(Short text fragments from websites)
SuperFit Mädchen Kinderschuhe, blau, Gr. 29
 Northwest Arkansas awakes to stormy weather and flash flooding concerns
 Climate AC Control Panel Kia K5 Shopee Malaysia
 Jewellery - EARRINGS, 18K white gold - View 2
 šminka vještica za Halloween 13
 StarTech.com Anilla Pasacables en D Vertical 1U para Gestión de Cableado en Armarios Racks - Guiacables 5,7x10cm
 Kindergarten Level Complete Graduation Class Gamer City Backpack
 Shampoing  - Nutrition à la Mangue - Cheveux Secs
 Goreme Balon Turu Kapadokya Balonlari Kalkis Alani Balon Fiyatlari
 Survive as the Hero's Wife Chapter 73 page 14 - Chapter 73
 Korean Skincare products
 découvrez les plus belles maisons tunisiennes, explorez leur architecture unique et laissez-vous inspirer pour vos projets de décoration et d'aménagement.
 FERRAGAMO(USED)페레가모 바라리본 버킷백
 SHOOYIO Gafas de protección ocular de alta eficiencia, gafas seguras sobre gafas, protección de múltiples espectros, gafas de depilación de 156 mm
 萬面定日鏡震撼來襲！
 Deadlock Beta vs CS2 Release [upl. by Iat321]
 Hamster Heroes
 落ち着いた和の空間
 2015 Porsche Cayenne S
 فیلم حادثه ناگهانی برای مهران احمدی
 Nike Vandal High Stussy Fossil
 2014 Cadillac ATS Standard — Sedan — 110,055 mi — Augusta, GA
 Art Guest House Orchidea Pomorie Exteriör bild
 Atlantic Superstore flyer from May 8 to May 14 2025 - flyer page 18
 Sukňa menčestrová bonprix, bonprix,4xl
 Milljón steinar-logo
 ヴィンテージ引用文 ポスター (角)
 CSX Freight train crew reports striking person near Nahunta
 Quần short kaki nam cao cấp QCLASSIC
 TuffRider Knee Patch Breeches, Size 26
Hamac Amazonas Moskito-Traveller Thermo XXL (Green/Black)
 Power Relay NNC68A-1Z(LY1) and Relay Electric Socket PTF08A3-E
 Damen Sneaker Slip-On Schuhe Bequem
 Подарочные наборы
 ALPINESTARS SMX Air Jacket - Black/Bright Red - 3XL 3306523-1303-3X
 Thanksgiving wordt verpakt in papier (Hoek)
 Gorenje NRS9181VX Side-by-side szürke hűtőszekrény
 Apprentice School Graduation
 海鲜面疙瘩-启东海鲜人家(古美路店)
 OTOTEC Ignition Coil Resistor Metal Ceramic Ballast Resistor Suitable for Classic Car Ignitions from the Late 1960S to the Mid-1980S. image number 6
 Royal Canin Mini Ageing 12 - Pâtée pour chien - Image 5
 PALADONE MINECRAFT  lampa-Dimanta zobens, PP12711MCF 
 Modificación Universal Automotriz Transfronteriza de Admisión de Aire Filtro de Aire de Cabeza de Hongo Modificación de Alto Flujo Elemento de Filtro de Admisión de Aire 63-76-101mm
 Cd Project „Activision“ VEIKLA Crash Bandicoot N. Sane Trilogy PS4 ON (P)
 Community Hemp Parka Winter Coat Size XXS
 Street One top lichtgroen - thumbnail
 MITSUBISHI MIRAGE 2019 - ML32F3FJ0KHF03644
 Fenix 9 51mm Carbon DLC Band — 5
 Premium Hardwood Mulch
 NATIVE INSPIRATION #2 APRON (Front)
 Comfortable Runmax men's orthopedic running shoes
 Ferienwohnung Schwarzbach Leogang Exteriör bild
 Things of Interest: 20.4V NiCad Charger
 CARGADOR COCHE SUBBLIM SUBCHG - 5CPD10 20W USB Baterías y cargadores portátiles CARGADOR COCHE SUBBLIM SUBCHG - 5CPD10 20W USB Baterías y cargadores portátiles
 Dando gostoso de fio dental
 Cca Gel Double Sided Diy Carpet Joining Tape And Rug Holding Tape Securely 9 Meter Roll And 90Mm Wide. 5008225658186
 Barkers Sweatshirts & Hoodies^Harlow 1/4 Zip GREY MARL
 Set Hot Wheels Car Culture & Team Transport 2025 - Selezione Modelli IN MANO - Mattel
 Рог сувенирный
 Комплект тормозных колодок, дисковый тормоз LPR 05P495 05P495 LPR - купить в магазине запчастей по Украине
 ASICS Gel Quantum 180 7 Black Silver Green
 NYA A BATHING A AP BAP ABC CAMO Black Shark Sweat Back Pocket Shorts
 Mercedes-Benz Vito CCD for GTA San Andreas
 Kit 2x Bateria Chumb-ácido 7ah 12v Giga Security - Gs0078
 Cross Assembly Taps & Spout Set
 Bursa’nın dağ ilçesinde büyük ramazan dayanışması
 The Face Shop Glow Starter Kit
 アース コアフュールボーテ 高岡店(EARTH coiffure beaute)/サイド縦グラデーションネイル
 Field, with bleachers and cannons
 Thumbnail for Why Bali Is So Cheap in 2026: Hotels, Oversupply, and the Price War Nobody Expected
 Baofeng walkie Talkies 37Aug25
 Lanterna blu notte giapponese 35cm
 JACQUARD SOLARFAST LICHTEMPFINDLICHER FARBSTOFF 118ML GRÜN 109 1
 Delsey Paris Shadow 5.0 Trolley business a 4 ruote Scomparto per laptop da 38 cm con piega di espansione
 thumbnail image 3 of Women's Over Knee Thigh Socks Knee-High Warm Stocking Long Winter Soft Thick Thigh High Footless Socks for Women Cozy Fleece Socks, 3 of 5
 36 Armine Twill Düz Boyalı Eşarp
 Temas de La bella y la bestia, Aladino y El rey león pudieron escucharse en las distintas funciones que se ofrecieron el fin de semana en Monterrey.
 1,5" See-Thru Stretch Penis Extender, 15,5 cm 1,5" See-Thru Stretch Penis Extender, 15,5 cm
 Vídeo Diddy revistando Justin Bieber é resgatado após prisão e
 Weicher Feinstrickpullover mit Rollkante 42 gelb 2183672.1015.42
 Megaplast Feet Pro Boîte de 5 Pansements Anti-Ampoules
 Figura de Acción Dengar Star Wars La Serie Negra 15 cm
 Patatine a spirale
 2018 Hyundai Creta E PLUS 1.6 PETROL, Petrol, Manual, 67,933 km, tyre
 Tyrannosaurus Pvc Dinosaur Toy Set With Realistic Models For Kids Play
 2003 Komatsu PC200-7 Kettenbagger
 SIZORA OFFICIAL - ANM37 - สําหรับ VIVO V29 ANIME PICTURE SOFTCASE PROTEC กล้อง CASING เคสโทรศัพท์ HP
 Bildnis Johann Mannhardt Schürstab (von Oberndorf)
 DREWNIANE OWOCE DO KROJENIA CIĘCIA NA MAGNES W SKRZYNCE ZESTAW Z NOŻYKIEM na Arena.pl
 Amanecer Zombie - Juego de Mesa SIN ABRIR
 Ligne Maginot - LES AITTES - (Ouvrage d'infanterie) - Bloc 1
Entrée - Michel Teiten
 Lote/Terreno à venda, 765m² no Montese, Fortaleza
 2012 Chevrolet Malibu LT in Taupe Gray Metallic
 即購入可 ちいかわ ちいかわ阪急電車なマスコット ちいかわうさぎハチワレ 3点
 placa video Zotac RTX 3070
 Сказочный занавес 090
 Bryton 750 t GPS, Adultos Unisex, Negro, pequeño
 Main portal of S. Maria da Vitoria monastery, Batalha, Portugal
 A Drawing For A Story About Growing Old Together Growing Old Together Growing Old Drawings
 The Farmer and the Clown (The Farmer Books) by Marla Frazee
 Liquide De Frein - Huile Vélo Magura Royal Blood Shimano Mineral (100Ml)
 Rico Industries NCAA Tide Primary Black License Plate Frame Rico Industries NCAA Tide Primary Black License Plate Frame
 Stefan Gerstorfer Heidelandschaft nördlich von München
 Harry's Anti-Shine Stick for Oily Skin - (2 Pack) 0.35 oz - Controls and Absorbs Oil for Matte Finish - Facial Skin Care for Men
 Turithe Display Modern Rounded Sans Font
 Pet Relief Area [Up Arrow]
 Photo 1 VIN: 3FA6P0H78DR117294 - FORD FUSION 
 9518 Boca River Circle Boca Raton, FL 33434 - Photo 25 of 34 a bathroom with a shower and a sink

_Aim of the exercise_
Reproduce, word for word and in full, only the lines above that start at the line with "ALPINESTARS SMX Air" and run through the line with "Things of Interest: 20.4V NiCad Charger", both ends included.

_Written reply_
 ALPINESTARS SMX Air Jacket - Black/Bright Red - 3XL 3306523-1303-3X
 Thanksgiving wordt verpakt in papier (Hoek)
 Gorenje NRS9181VX Side-by-side szürke hűtőszekrény
 Apprentice School Graduation
 海鲜面疙瘩-启东海鲜人家(古美路店)
 OTOTEC Ignition Coil Resistor Metal Ceramic Ballast Resistor Suitable for Classic Car Ignitions from the Late 1960S to the Mid-1980S. image number 6
 Royal Canin Mini Ageing 12 - Pâtée pour chien - Image 5
 PALADONE MINECRAFT  lampa-Dimanta zobens, PP12711MCF 
 Modificación Universal Automotriz Transfronteriza de Admisión de Aire Filtro de Aire de Cabeza de Hongo Modificación de Alto Flujo Elemento de Filtro de Admisión de Aire 63-76-101mm
 Cd Project „Activision“ VEIKLA Crash Bandicoot N. Sane Trilogy PS4 ON (P)
 Community Hemp Parka Winter Coat Size XXS
 Street One top lichtgroen - thumbnail
 MITSUBISHI MIRAGE 2019 - ML32F3FJ0KHF03644
 Fenix 9 51mm Carbon DLC Band — 5
 Premium Hardwood Mulch
 NATIVE INSPIRATION #2 APRON (Front)
 Comfortable Runmax men's orthopedic running shoes
 Ferienwohnung Schwarzbach Leogang Exteriör bild
 Things of Interest: 20.4V NiCad Charger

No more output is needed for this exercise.